The origin of "TutuTough" came about when Carlin was inpatient and chose a tutu from the hospital gift shop, which led to in-room dance parties when she felt able. The tutu became a symbol and TutuTough a slogan that Carlin embraced and our family drew strength from. Our family sported tutus and our support team posted pictures of themselves in tutus. More incredibly, people took photos of their pets (all species - dogs, cats, cows, horses) wearing tutus which helped brighten some very dark days for us. The tenacity of that tiny, bald, brown-eyed, tutu-wearing girl helped inspire and educate friends, family and strangers to the reality that is pediatric cancer. You never think you could be "that" family, until in a heartbeat of a pathology report, you are. Through the TutuTough Project, we hope to make a cure for ETMR a reality.
ETMR (previously ETANTR) is an extremely rare and aggressive pediatric brain tumor. It strikes young children, most commonly less than 4 years old. ETMR has a dismal prognosis, responding poorly to traditional chemotherapy and radiation treatments. Little is known about the genetic origins of the disease and treatment options are limited. Our research project aims to change that. We hope to advance understanding of the tumor by studying multiple ETMR cell lines and testing potential chemotherapy drugs that will specifically target ETMR growth pathways.

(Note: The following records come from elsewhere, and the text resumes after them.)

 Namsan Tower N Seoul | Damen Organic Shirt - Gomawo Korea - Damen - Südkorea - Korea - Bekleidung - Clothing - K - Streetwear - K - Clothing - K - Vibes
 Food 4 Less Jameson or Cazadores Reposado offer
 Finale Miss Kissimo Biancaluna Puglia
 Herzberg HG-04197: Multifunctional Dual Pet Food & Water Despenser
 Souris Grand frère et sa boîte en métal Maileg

The Children’s Cancer Therapy Development Institute (cc-TDI)’s mission is to make ALL childhood cancers universally survivable by delivering new treatments to clinical trials through scientific discovery. Because so little is known about ETMR, we start by creating a roadmap for a cure that includes creating a registry for ETMR patients and families, generating a shareable central resource (biorepository) for cell lines and mouse models, and discovering new therapeutics (drugs) to treat ETMR. The first and most critical step is to develop new cell lines and mouse models that will provide the basis for drug screening and testing.

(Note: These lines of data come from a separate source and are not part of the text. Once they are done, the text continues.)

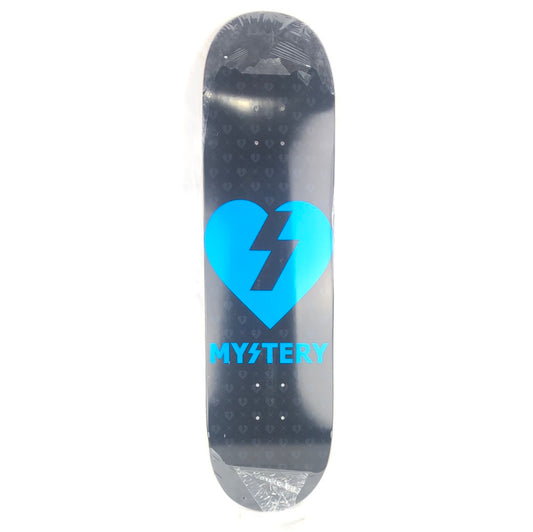 Mystery OG Logo Black/Blue Size 8.375 Skateboard Deck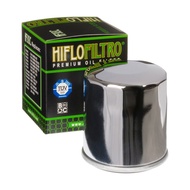 Oil Filter HiFlo Model HF303 Chrome Code AB9063 For Honda Kawasaki Yamaha Benelli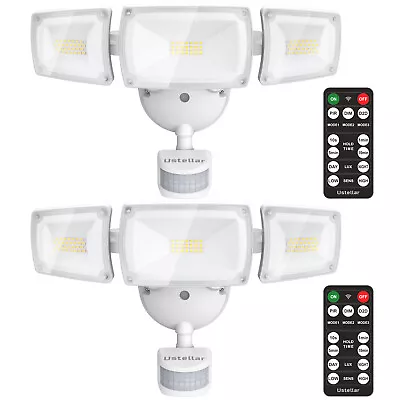 Ustellar 55W LED Security Lights Motion Sensor Light Wall Switch Remote Control • $67.99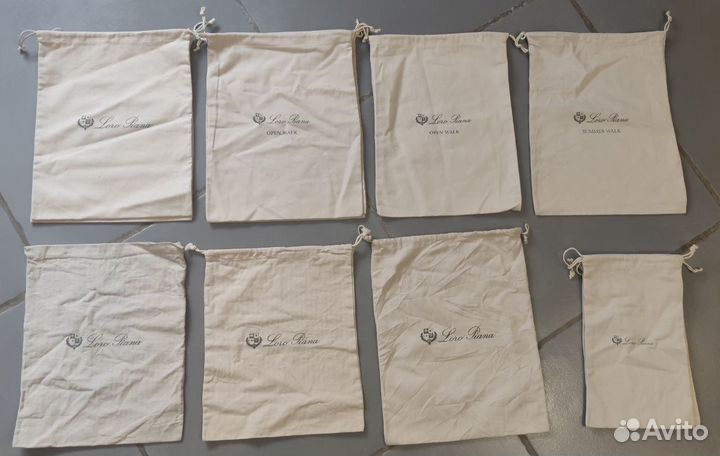 Loro piana пыльники, вешалки и др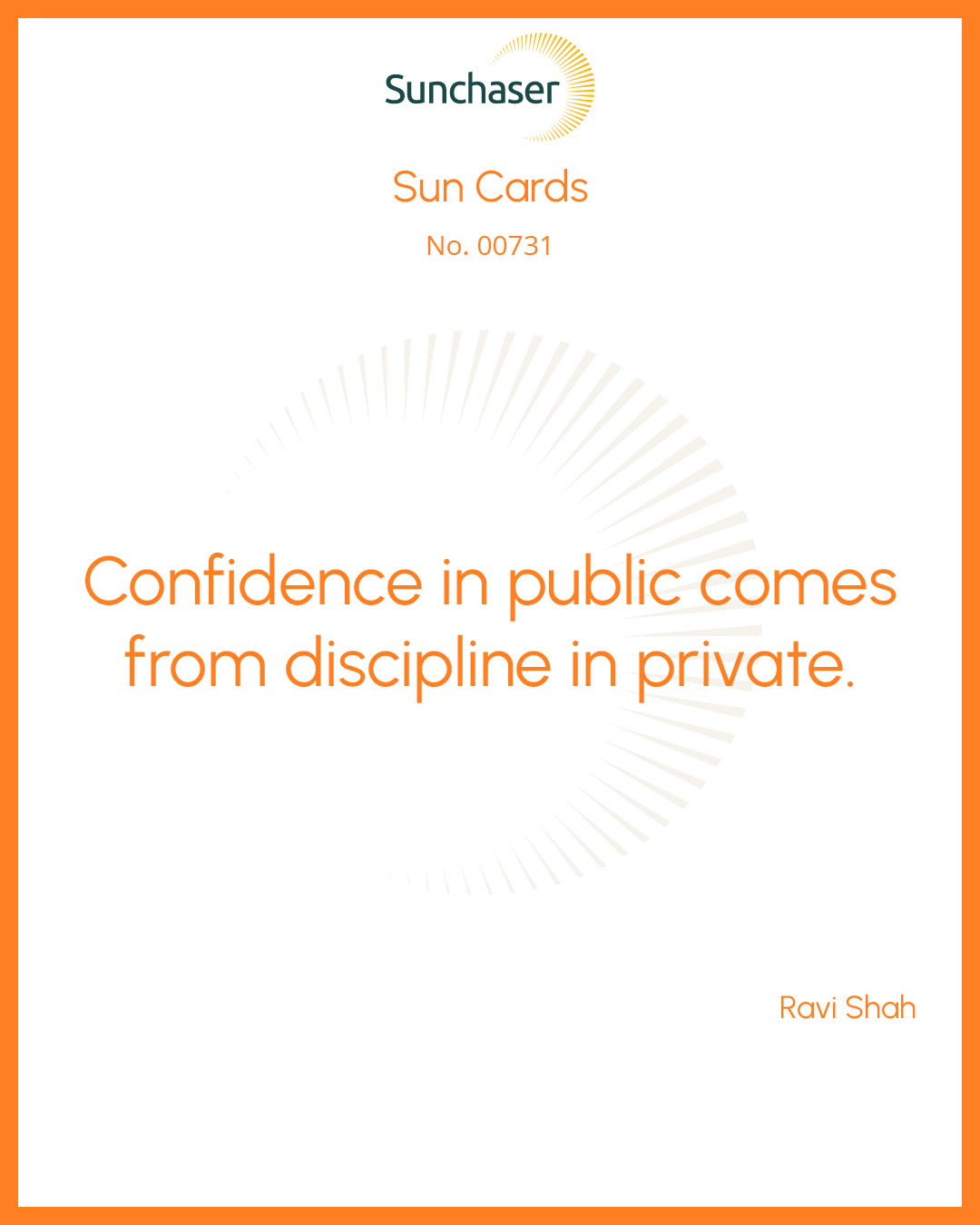 Sun Card #00731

To do this, we will recruit 10 fresh ETMR samples for making primary cultures, doing drug screening, and preparing tissue for future avatar mouse making.
Why is this important?
ETMR is almost always fatal and treatment options are limited and frequently ineffective. We must dramatically accelerate the discovery of treatment options for this brain tumor by advancing novel drug and drug combinations to clinical trial to make ETMR universally survivable.
Who will benefit?
Children and families touched by ETMR will benefit, and we hope in a tangible period of time. Thus far there are fewer than 3 cell lines or mouse models for this rare, orphan brain tumor of childhood. Discovery starts with having enough cell lines and animal models as tools. Sharable tools. This project is building that foundation.
BudgetThis project aims to create a broader and more widely available set of primary cultures for ETMR, a foundation necessary to develop treatment options, in part by recruiting additional tissue samples. In addition to the scientific work (RNA/DNA sequencing, drug screening), the project also seeks to empower families by educating them about the current state of disease understanding and treatment options in a ’nano course’ setting, where they get to engage with the foremost experts in the field.

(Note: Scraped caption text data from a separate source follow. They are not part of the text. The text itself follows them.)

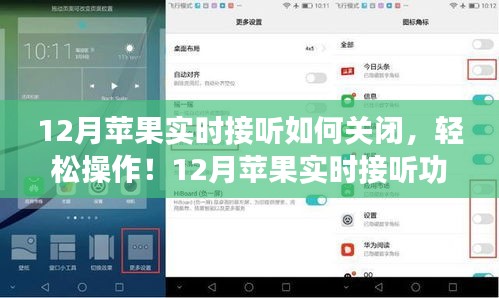 12月苹果实时接听功能关闭指南，轻松操作，适合所有用户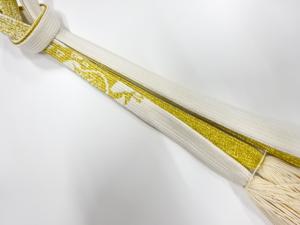 正絹　撚り房　手組帯締め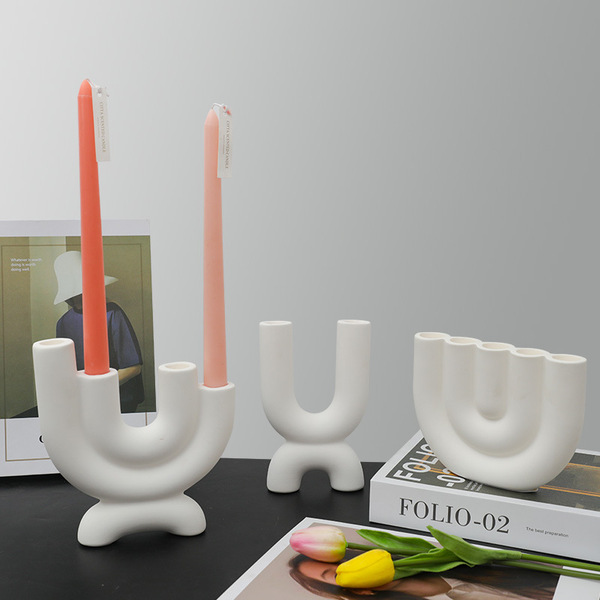 European simple creative ceramic candle holder Nordic home dining…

We are growing BT-183 from Jen Chan lab... thank you, Jen! Next steps are STR fingerprinting, DNA exome sequencing and RNA deep sequencing. Then we'll pursue chemical screens, and apply Noah's computational approach to predicting drug combinations.
The explanted PDX tumor from Champions Oncology (thank you Chris Noakes!) eventually senesced ... we will re-attempt the culture using different conditions soon.